More relevant results

The old search engine had a built-in dictionary of synonyms, which means it would give you extra results based on its synonyms. The new search engine only returns stemming words of the term entered.

We can create and update a dictionary of synonyms in the new search engine to better serve our context and our clients. For example, we can build a list of synonyms for Indigenous research terms.

Results that are not restricted based on accented characters

The new search engine treats accented characters neutrally and will not include or exclude results based on whether your search terms had accents.

For example: searching "Québec" (with an accent) will return all results with the word spelled with an accent first and then follow with records that are spelled "Quebec" (without the accent).

Search features

The old search engine had search and access limitations. Here are some of the enhancements you can expect with the new search engine.

New search engine

  •   Up to 30,000 results per search
  •   5000 results can be listed in the export
  •   A customizable algorithm
  •   Accents are treated neutrally
  •   Result count in "Limit to" is exact
  •   Unlimited number of "Limit to" filters can be applied
  •   We can customize the synonym dictionary
  •   No duplicate results
  •   Keywords can be highlighted in the search results
  •   All records searchable regardless of size

Old search engine

  •   Up to 5000 browsable results per search
  •   3000 results can be listed in the export
  •   An algorithm that we can't modify
  •   Accents returned inconsistent results
  •   Results count in "Limit to" was inaccurate
  •   Maximum of 100 "Limit to" filters could be applied
  •   Proprietary synonym list, with no ability to customize them
  •   Duplicate search results
  •   Unable to highlight keywords in the search results
  •   Some records could not be searched due to size

About the algorithm

The new search engine uses a ranking algorithm called Okapi Best Match 25 (BM25). It figures out which documents are most relevant to what you're searching for, using a combination of how often terms appear, how unique they are, and the length of the documents.

Advantages

  • Ranks documents based on how terms are spread across the collection, making it flexible for different documents and queries.
  • Works well for longer queries because it handles term repetition and takes document length into account.

Disadvantages

  • Doesn't consider the meaning of the query terms or documents and treats accented characters neutrally. Your search results will include homonyms. For example, searching for the word "pêche" (the French word for fishing) will return records that contain the word "péché" (the French word for sin).
  • Doesn't personalize results, treating all user queries the same, so it may not deliver results tailored to individual users.

Stemming

Stemming is the process of reducing words to their root or base form, called the "stem." This helps improve the accuracy of search results by treating variations of a word as equivalent. For example, the words "running," "runner," and "ran" might all be reduced to the stem "run," or "fishing" and "fisherman" might be reduced to the stem "fish." It helps computers understand different forms of a word as the same thing, making it easier to search for information.

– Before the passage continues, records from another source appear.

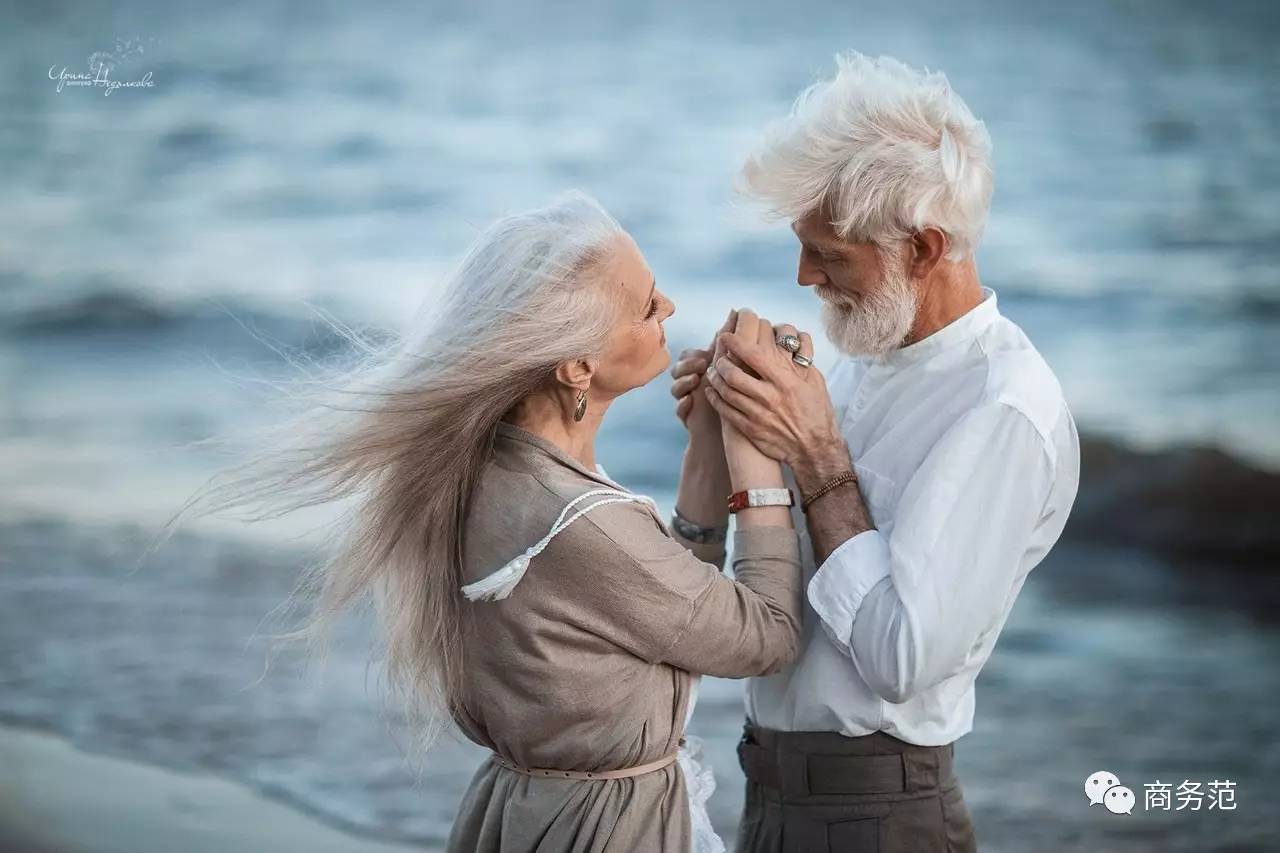 刷爆朋友圈的老年情侣照:其实是摆拍,模特互不相识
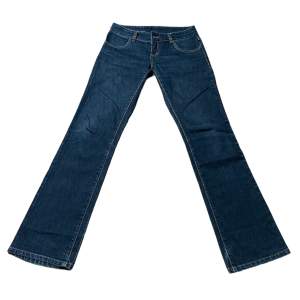 mörkblåa låg/medel-midjade straightleg jeans! de är för stora på mig så därför har jsg inga bilder på. innerbenslängd: 78 cm, midjemått: 81 cm. 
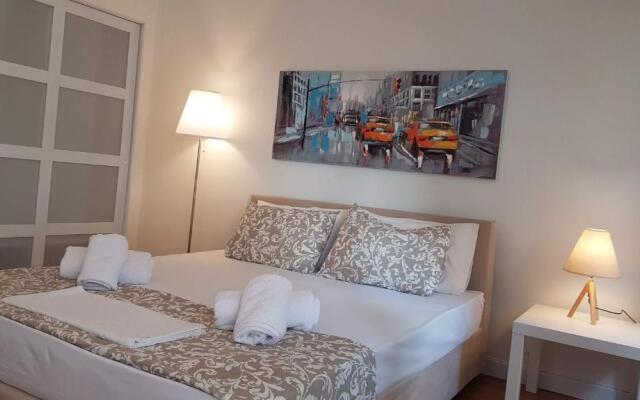 Ionian Apartment- Athens Center, 6 Bd, 2.5 Bath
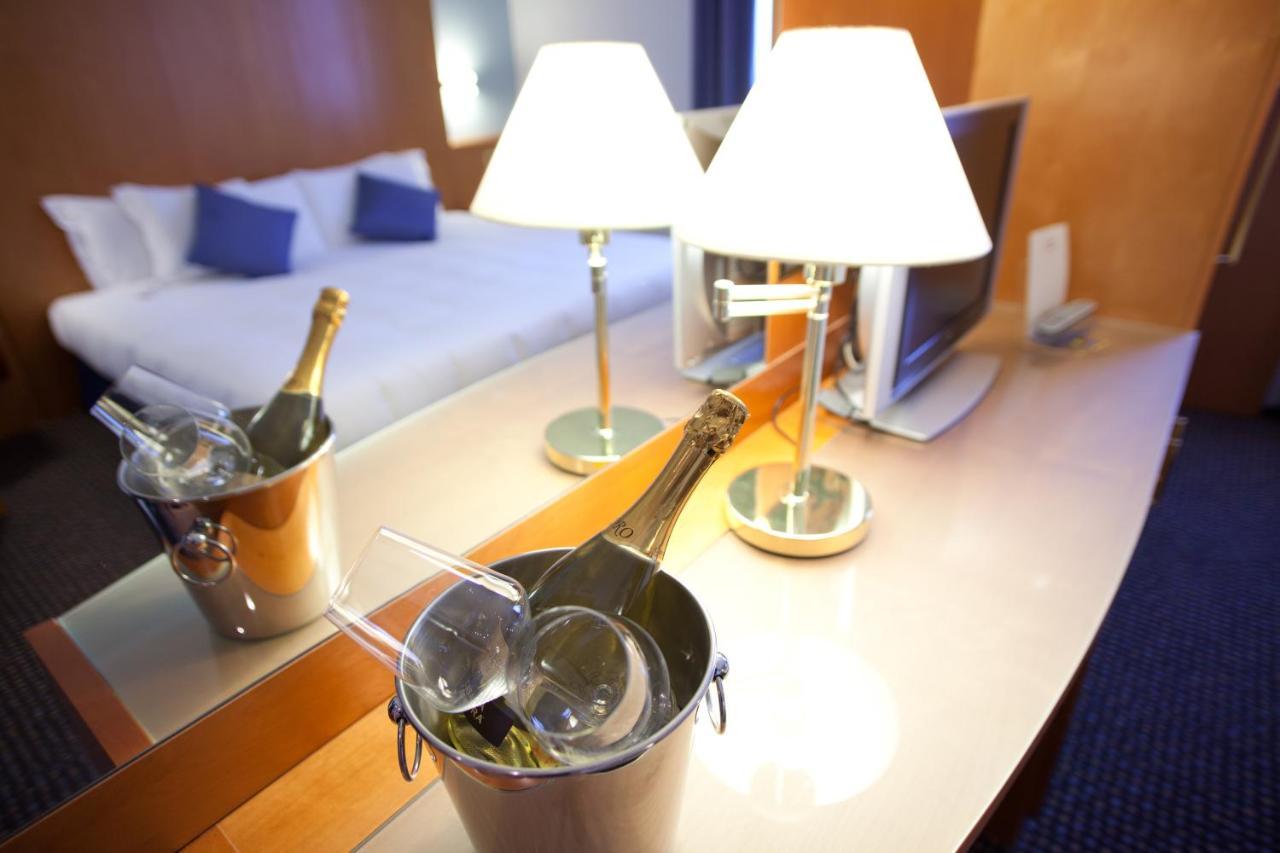 Una Hotels Occhiobello Esterno foto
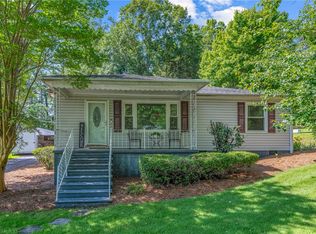 651 N Main St, Inman, SC 29349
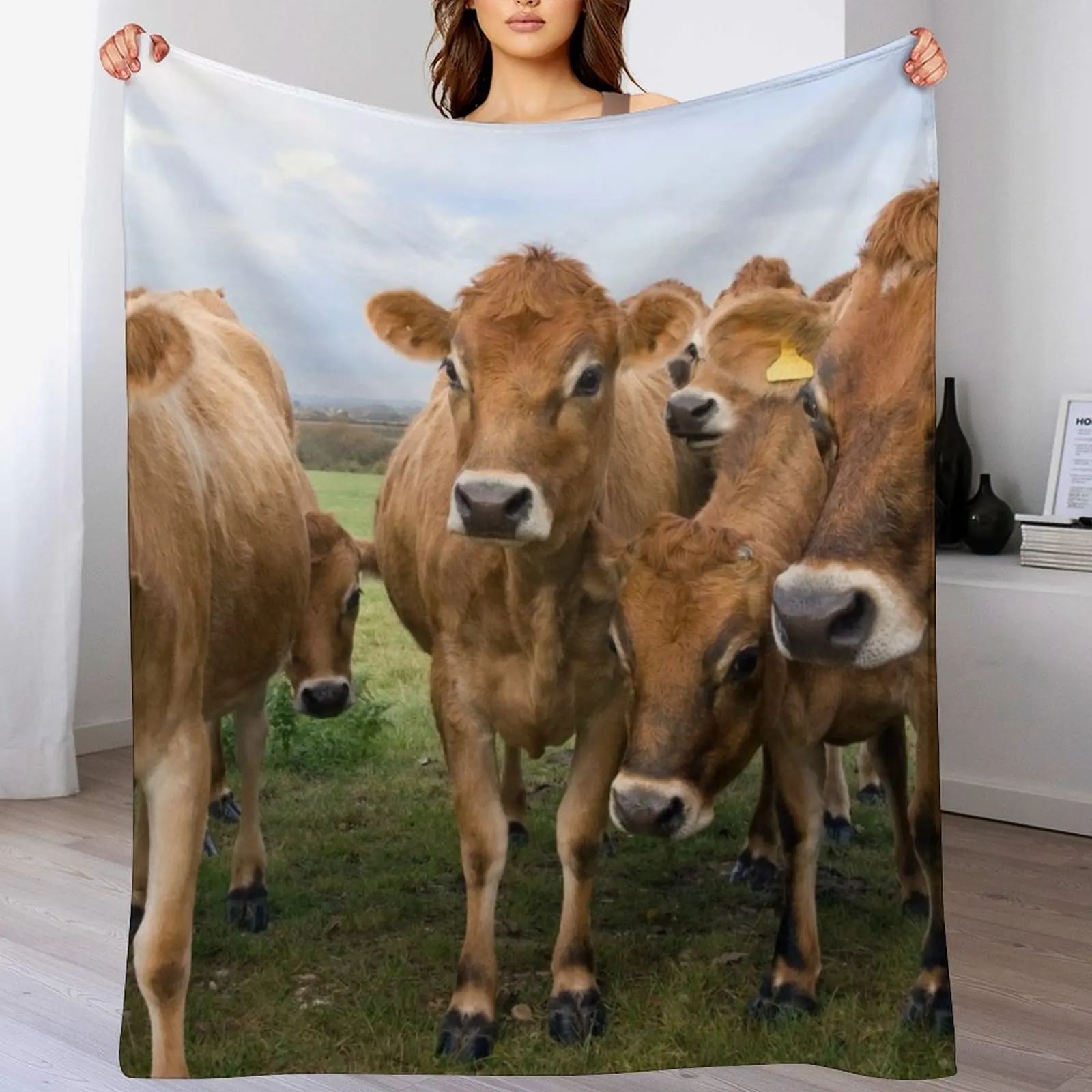 

Curious Jersey Cows Throw Blanket Fuzzy Plush Throw Blanket for Sofa Chair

The stemming approach of the old search engine was not publicly disclosed, and we couldn't adjust it to researchers' needs. With the new search engine, we know the stemming approach and have more control over its impact on your search results. One challenge we face is making sure the stemming approach works for records in both English and French.

What this means for your research: you will likely get more results than in the old Collection search based on the root of many words. With your continued feedback, we can adjust this approach to work better for you over time.